* _Task to carry out_: Repeat the records below verbatim and include no pictures.
##########
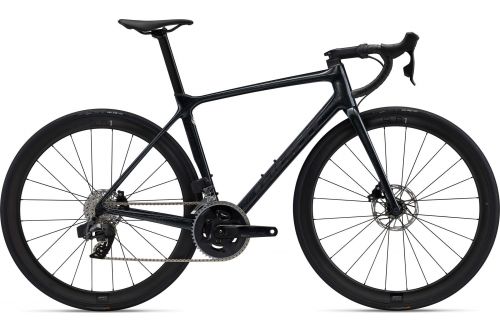 Rower szosowy Giant TCR Advanced Pro 1 AXS Pomiar - Potestowy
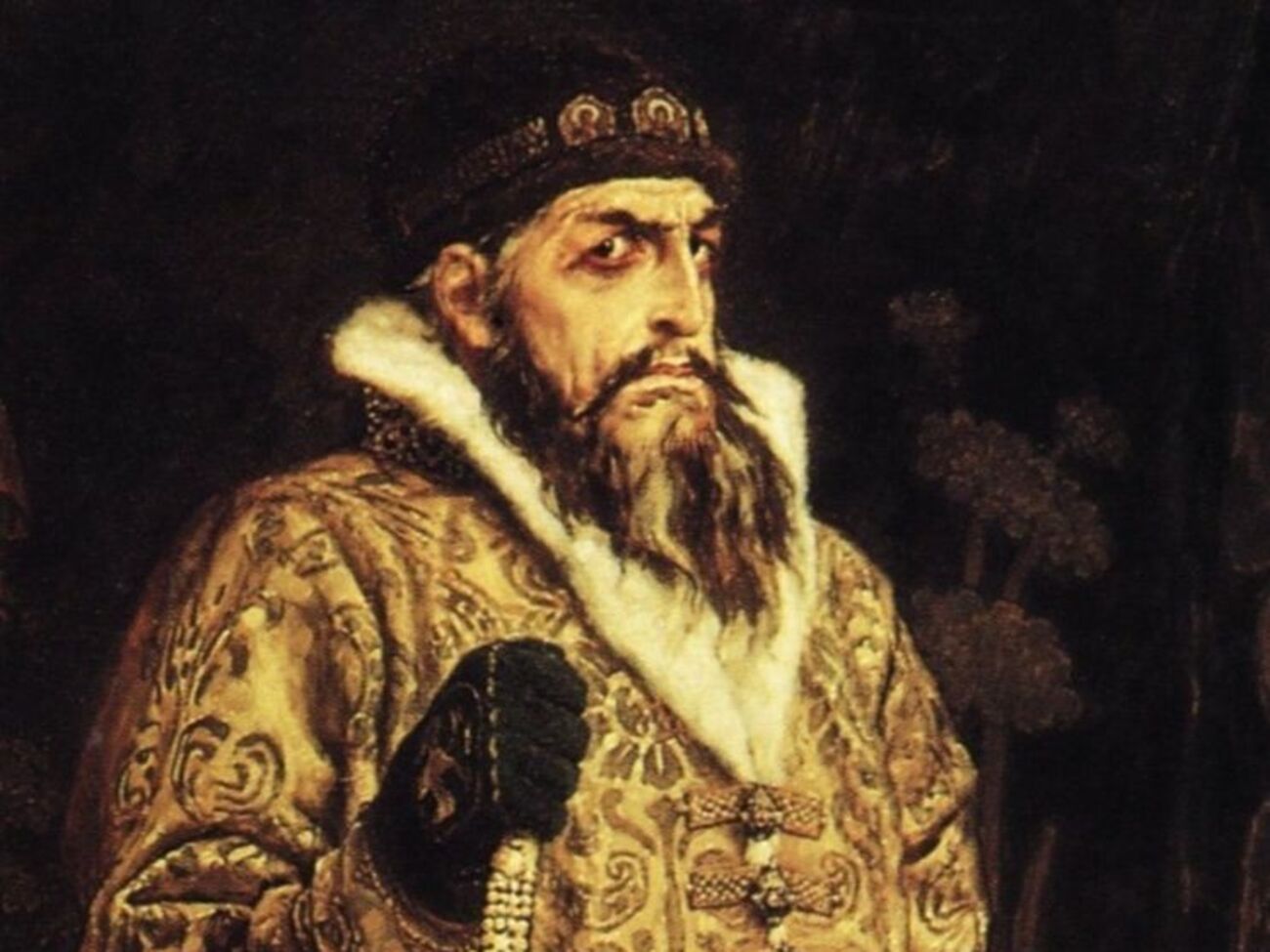 Памятник Ивану Грозному установят в Орле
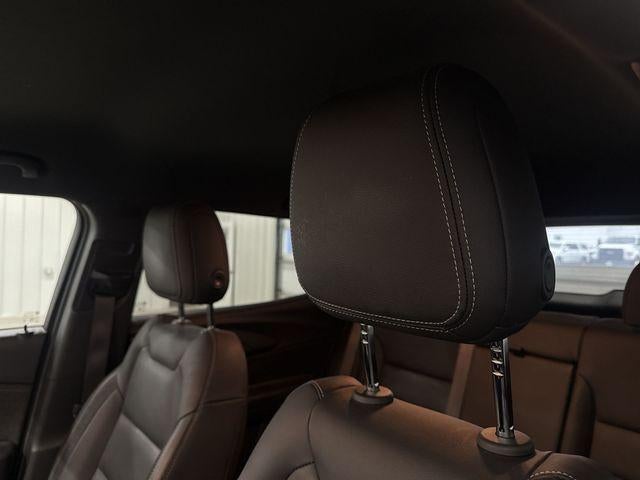 2022 Chevrolet Trailblazer AWD 4dr ACTIV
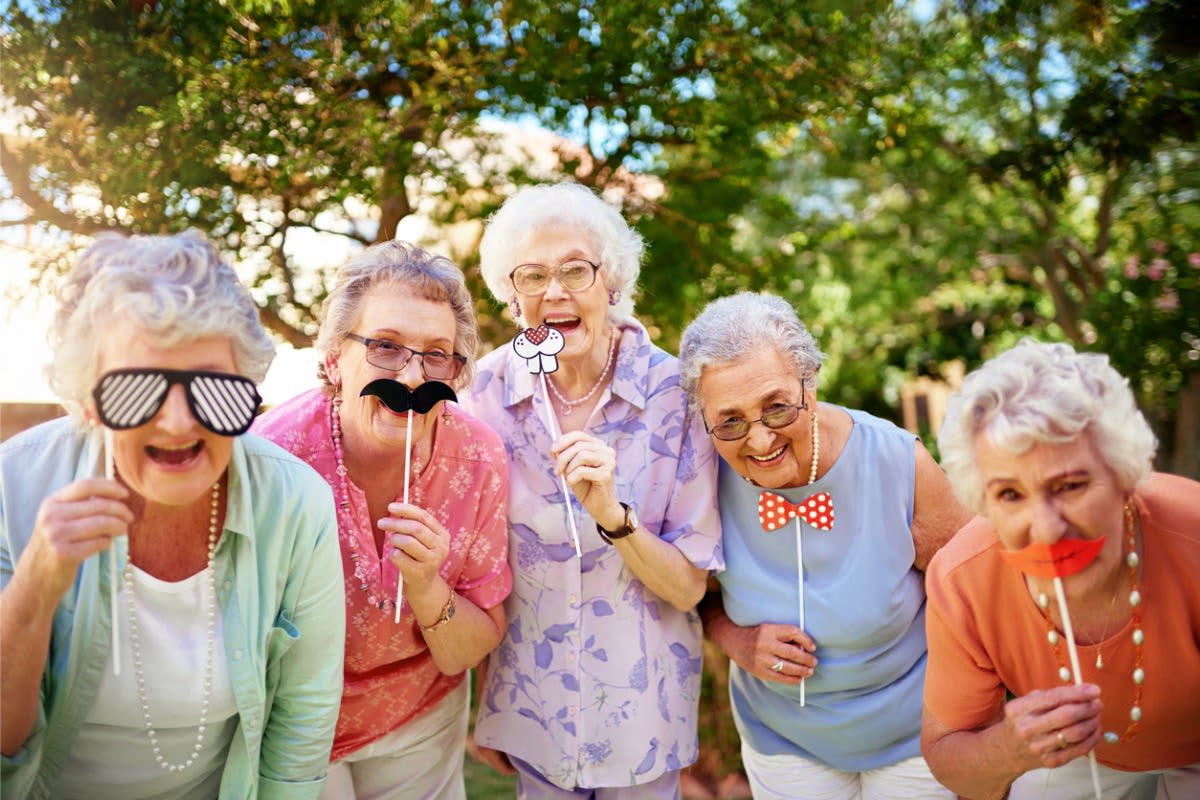 Learn more about community connections at Elk Meadows Assisted Living and Memory Care in Oakley, Utah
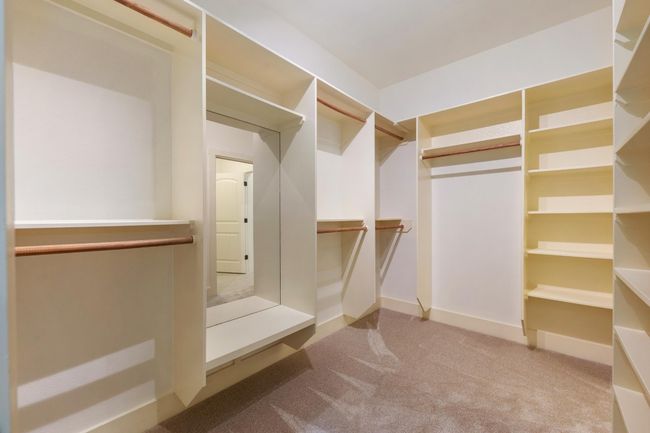 Dream Closet in the Primary. Bedroom | Image 26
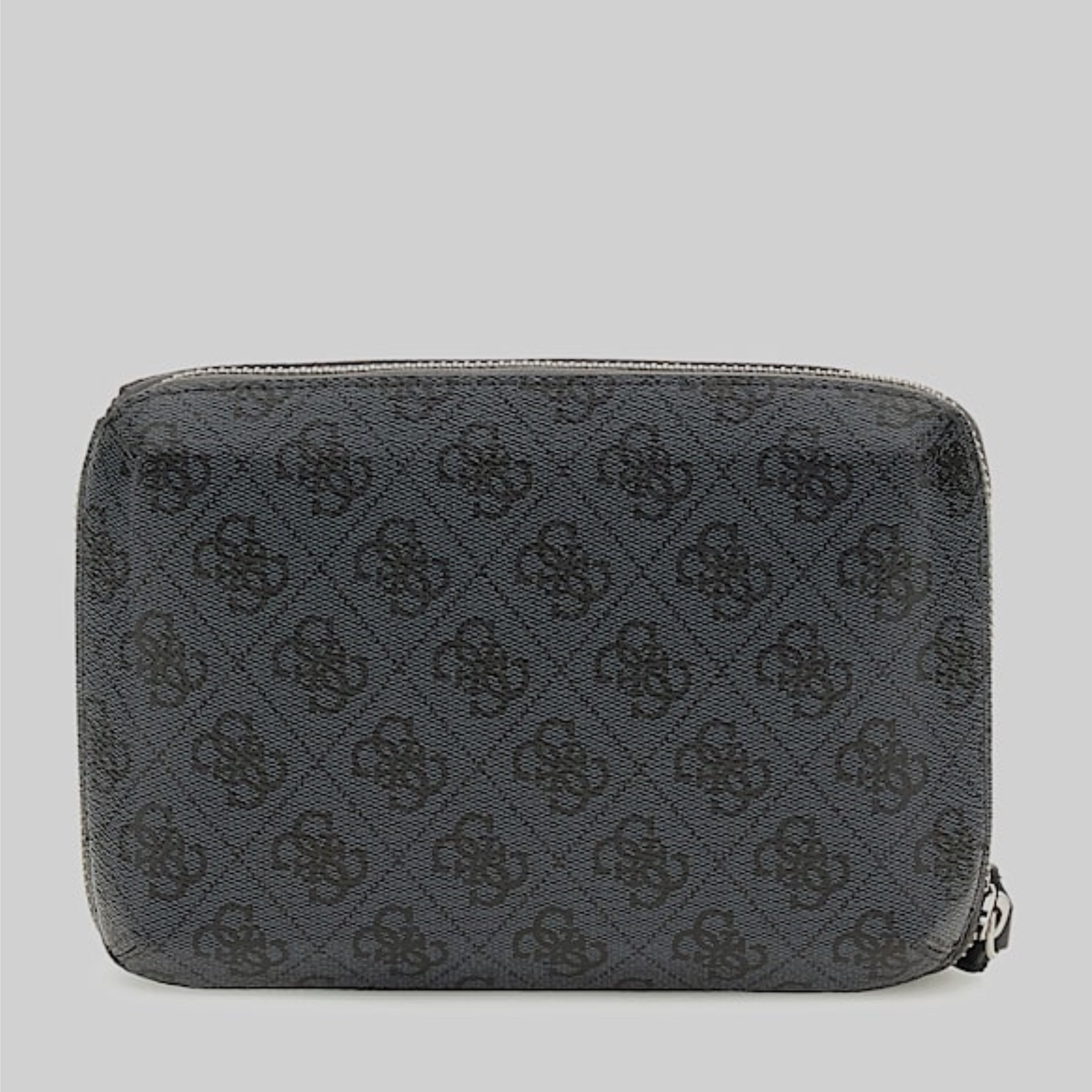Мъжка козметична чанта Men’s wash bag Guess Modena PMMOLO P4432 Black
##########
* _Answer to this task_:
 Rower szosowy Giant TCR Advanced Pro 1 AXS Pomiar - Potestowy
 Памятник Ивану Грозному установят в Орле
 2022 Chevrolet Trailblazer AWD 4dr ACTIV
 Learn more about community connections at Elk Meadows Assisted Living and Memory Care in Oakley, Utah
 Dream Closet in the Primary. Bedroom | Image 26
Мъжка козметична чанта Men’s wash bag Guess Modena PMMOLO P4432 Black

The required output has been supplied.